Workshops and Working Groups
Murrough Landon - 6 March 2003
http://www.hep.ph.qmul.ac.uk/landon/talks
Overview
- Recent DIG meeting(?)
- Recent database workshop
- ROD crate DAQ workshop (26 March)
- Monitoring
- Error handling and fault tolerance
DIG Meeting
ROD contracts?
Database Workshop (1)
Survey of databases in ATLAS: TC
- Technical coordination: installation databases
- Will have full details of every component and subcomponent,
eg cables, modules, etc installed in the cavern and USA15
- legal requirement for decommissioning
- Defines pieces of equipment and functional locations
- Will track locations (movement of spares etc)
- ``equipment passports''
- Will (aim to) take copies of production databases or at least
provide some common access to them?
Excel templates for massive upload of data.
- Not sure if small projects could use it as their own
production database?
- All to be presented via EDMS interface
Database Workshop (2)
Survey of databases in ATLAS: others
- DCS database
- Example detector database (muons)
- Example TDAQ database (l1calo)
- Online configuration
- HLT view
- Offline views (simulation, reconstruction, analysis)
Database Workshop (3)
Conditions database
- Presentations by detectors (LAr, Muon)
- LHCXX common project for conditions database
- ATLAS offline view (IoV layer over POOL/ROOT)
- Lisbon prototype
- GRID access
- Coherence of conditions and configuration data?
- Lots of discussion: not so sure about the convergence...
Database Workshop (4)
L1Calo viewpoint
- Reprise of common level 1 requirements (web page prepared
by Thorsten Wengler last september and circulated to at1soft list)
http://cern.ch/Atlas/GROUPS/DAQTRIG/LEVEL1/software/level1_databases.html
- Outline of L1Calo configuration data (with rough data sizes)
- calibrations: energy, pulse shape, timing
- crates, modules, cables, mapping to calorimeter channels
- hot and dead cell map
- firmware binaries (ideally not just pointers to files)
- multiple parallel versions required
Database Workshop (5)
L1Calo viewpoint (continued)
- Conditions data (less well defined, especially numerically)

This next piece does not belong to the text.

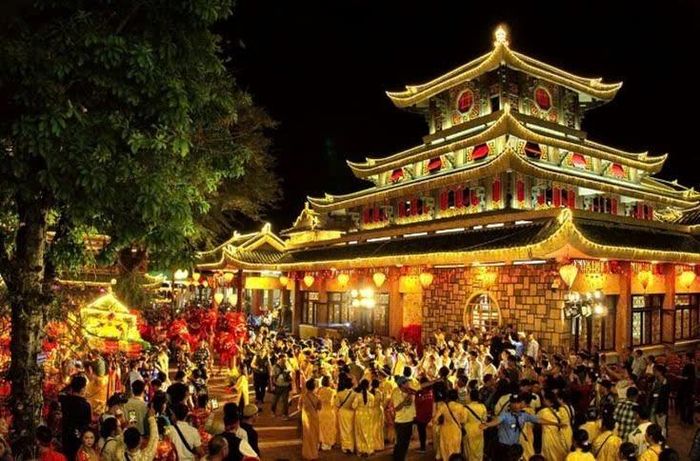 Hàng ngàn người dân và du khách thập phương về Miếu Bà Chúa Xứ Núi Sam dâng hương, cầu bình an, tài lộc và may mắn trong mùa lễ hội. Ảnh: Đức Linh.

- store the complete conditions of each run
- cf common view that conditions DB should only hold
what is of interest to the offline
- data from monitoring (histograms, statistics etc)
- Feedback on present configuration database
Forthcoming ROD Crate DAQ Workshop
Ralf wants me to talk about our experience with the Online configuration database...
Monitoring (1)
Working group
- Members: Francois Touchard, Hanspeter Beck, Sergei Kolos,
Beniamino di Girolamo and me
- Aim to produce TDR chapter and backup document - continue
to worry about monitoring after the TDR too...?
- Draft backup document prepared (still somewhat of a draft)
- TDR chapter will be distilled from this
- TDAQ network group are very keen to get numerical input
about the ``monitoring matrix'', ie traffic between various
sources and destinations of monitoring data
- Problem: detectors (and trigger groups) are busy and not
particularly concerned by the DAQ/HLT TDR timescale
- Monitoring workshop held during ATLAS week: some input
(mostly verbal, not talks) from detectors but no numbers
Monitoring (2)
L1Calo perspective
- Existing document from Eric
http://www.hep.ph.qmul.ac.uk/l1calo/doc/pdf/MonReqs.pdf
- Very detailed on some requirements, but not much on where and how much
- We should try to expand on this area
- And guess at some numbers...
Where to monitor
- Monitoring at SFI/EF level and via ROD crate DAQ will be the most
useful places for normal ATLAS physics running
- Monitoring via the ROS is needed for testing and
installation
- Some calibrations expected to be done at ROD crate level
(events monitored via ROD crate DAQ or maybe on board DSPs)
- Other calibrations will require dedicated EF tasks (or offline)
Monitoring: Trigger Decision
Check the level 1 trigger is functioning correctly
- For the calorimeter trigger, monitor the whole chain from
calorimeter analogue electronics,
through receiver stations, preprocessor, cluster and
jet/energy processors to the CTP
- Use full calorimeter readout, readout from the preprocessor
and later stages of the trigger pipeline
- Simulate the trigger functionality on a subset of events
and look for errors
- Full simulation needs the full event: ie via SFI or on
dedicated EF nodes
- Check both accepted events and sample of rejected
events (selection of suitable monitoring triggers
needs more thought)
- Partial simulation (of the digital trigger electronics
from the preprocessor onwards) could be done on event
fragments collected via ROD crate DAQ (if that supports
coherent samples across 2-3 ROD crates) [Livio: ``use ROS'']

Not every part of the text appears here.